SZ: Bislang dachte man, dass die Wissenschaft am besten in einer Demokratie gedeiht. Widerlegt China diese Annahme?
Anna Lisa Ahlers: Es hat gezeigt, dass es anscheinend bis zu einem gewissen Grad auch anders geht. Ja, das bereitet einem Kopfzerbrechen, weil es unserer Intuition widerspricht, wonach der möglichst ungehinderte Austausch in freiheitlichen Gesellschaften die Wissenschaft am ehesten voranbringt.

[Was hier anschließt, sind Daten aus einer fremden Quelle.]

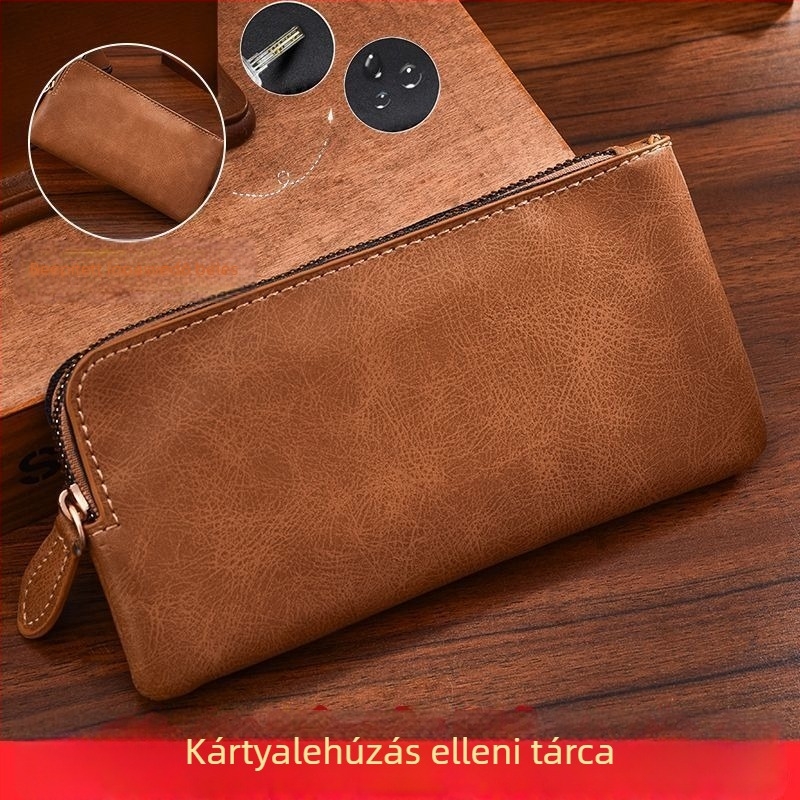 Retro férfi hosszú pénztárca PU bőr textúrával, egyszínű, ultranag multifunkcionális telefon táska cipzárral, belső szintetikus bőrrel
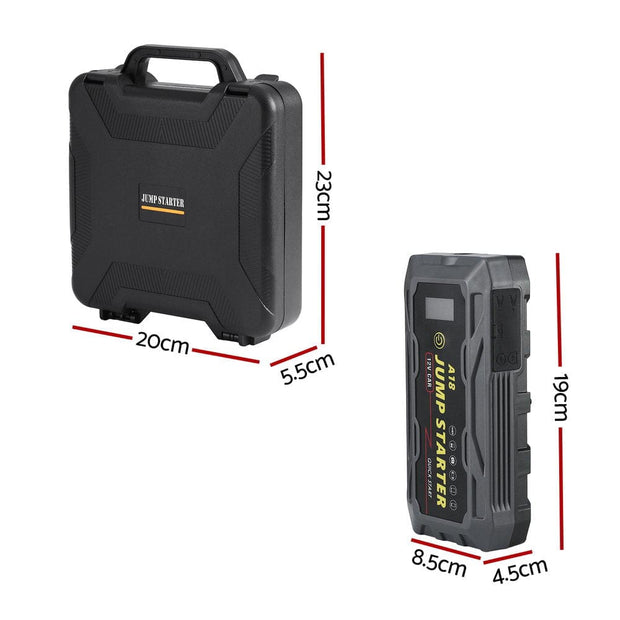 Portable Car Jump Starter 12V Lithium Battery Booster Pack Power Bank & Jumper Cables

Dabei waren die Startbedingungen in China nicht die besten. Die erste moderne Universität wurde erst 1895 gegründet. Während der Kulturrevolution ab 1966 lagen die Hochschulen zwölf Jahre lang brach, Professoren wurden aufs Feld oder in die Fabrik geschickt. Davon muss ein Land sich erst mal erholen.
China hat aber auch eine starke Tradition der Bildung und der Wertschätzung experimenteller Wissenschaft. Die Bürokratie im Kaiserreich schätzte Fachwissen und Technologie. Schon in der Republikzeit waren viele Mitglieder der Elite in der Welt unterwegs. Selbst unter Mao wurde geforscht, wenn auch hoch ideologisiert. Erst mit Beginn der Reform- und Öffnungspolitik unter Deng Xiaoping hat sich China allerdings wirklich von der Ideologie gelöst.

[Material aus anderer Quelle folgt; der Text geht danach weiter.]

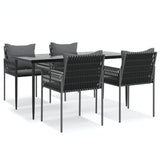 vidaXL 5-delige Tuinset met kussens poly rattan en staal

Was hat die Politik dazu gebracht?
Die Führungsspitze der Kommunistischen Partei kam zu der Erkenntnis, dass man gesellschaftliche und wirtschaftliche Entwicklung nur schafft, wenn man der Wissenschaft eine gewisse Autonomie gibt. Man begann, Universitäten und Forschungsinstitute wieder aufzubauen, anfangs noch auf recht moderatem Niveau. Im Lauf der 90er-Jahre entwickelte man den Anspruch, einige Bereiche auf internationales Niveau zu bringen. Seit 2006 und spätestens unter Xi Jinping wurde auch finanziell und strukturell massiv in die Forschung an der Weltspitze investiert.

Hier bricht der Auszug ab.